V3.57 should need no mods for what you're doing other then setting the jumpers: http://www.megamanual.com/357/assemble.htm

You'll want JP1 2/3 and J1 1/2 jumpered. For a stock distro you probably want to invert the ignition input trigger to get enough trigger angle (~60). 

5v to center of Q16 should only be used to drive a transistor ignition module, NOT direct driven coil.


----------



## 16vdisturbance (Mar 30, 2008)

Thank you.

I will cut the 5v going to center leg of q16 and I will cut R57.

Do I cut JS10 to IGBTIN?

Also to get tach signal from the jim stim do I need to jump anything. 
I currently have the dipswitches set to off as per jimstim website. 
I have the primary tach signal set to square wave and 5v pull up?


----------



## need_a_VR6 (May 19, 1999)

R57 does something different on a 3.57, leave it alone.

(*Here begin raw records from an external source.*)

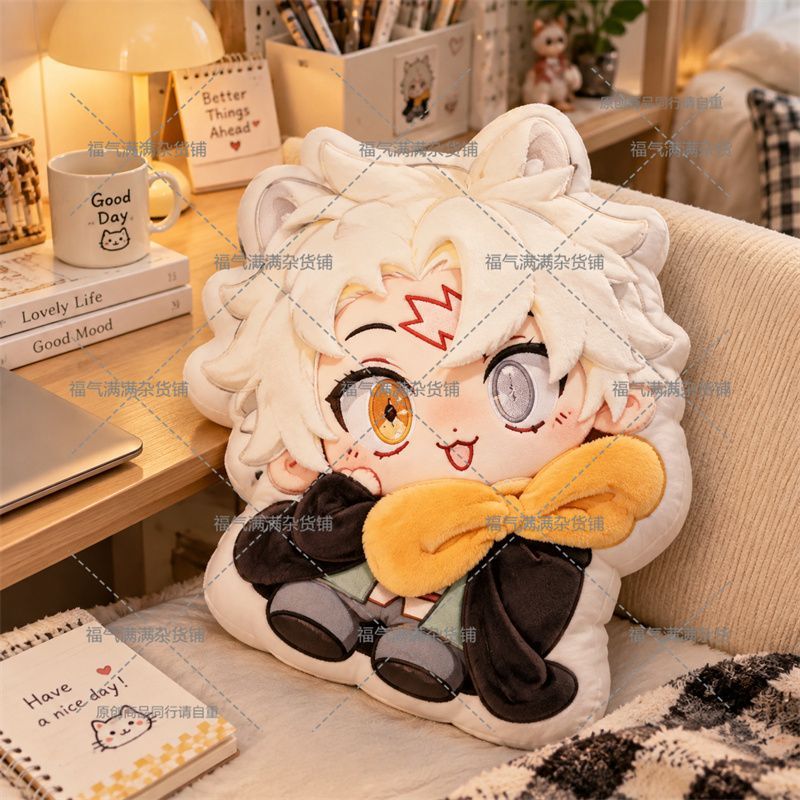 Throw Pillow - Natsuki Subaru: adorable cojín de peluche
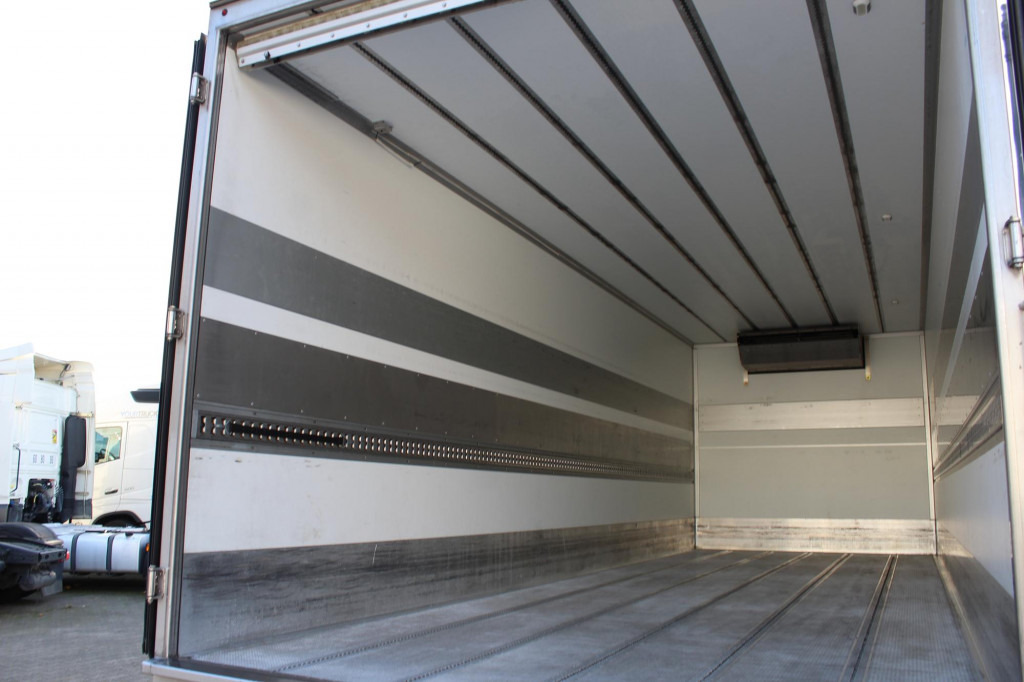 Mercedes-Benz Atego 1221 E6 TK T-800 R Strom Türen+LBW - Frigorífico camión: foto 2 Mercedes-Benz Atego 1221 E6 TK T-800 R Strom Türen+LBW - Frigorífico camión: foto 2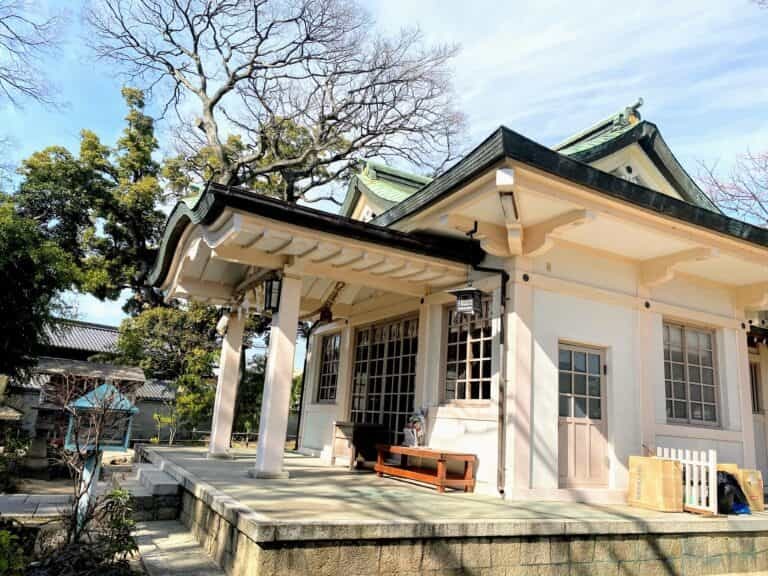 小曽根町「白山姫神社」は ほんのり洋館風な神社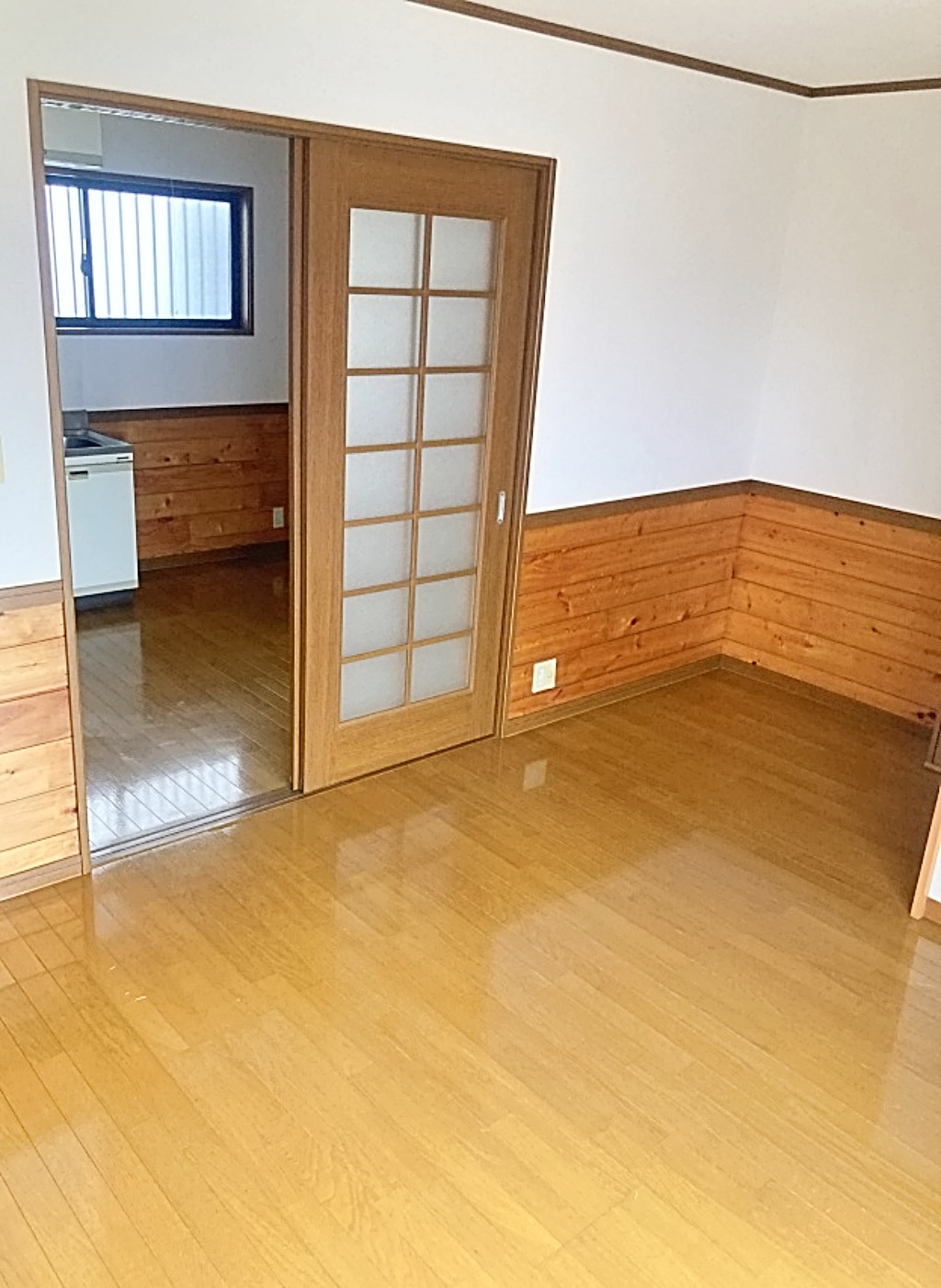 その他部屋・スペース　腰壁は本物の無垢板ですよ！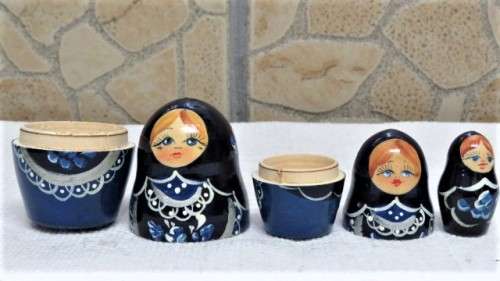 Superb Vintage Five Piece Wooden Russian Matryoshka Nesting Doll Set H: 145 mm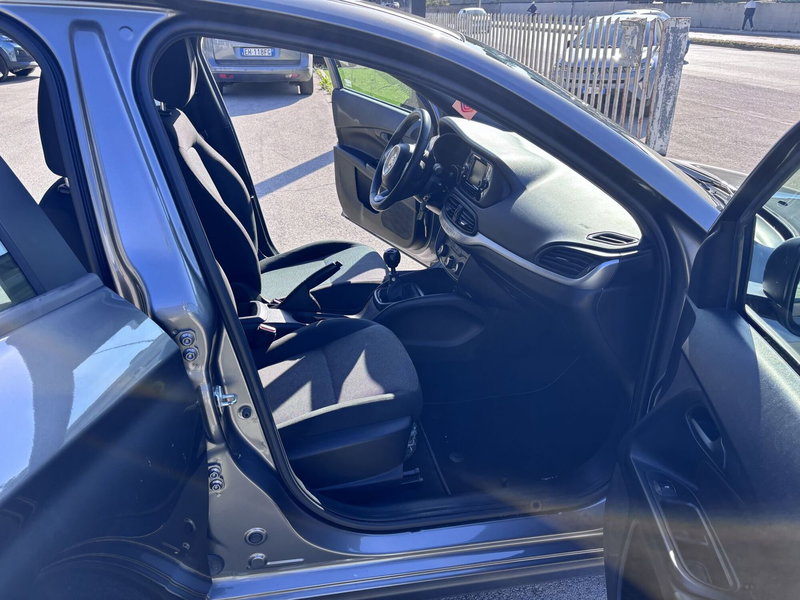 Fiat Tipo Station Wagon usata a Ancona (13)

Leave JS10 to IGBTIN, that's your spark output.

On the jimstim do you have the primary tach jumper installed?


----------



## 16vdisturbance (Mar 30, 2008)

need_a_VR6 said:


> R57 does something different on a 3.57, leave it alone.
> 
> Leave JS10 to IGBTIN, that's your spark output.
> 
> On the jimstim do you have the primary tach jumper installed?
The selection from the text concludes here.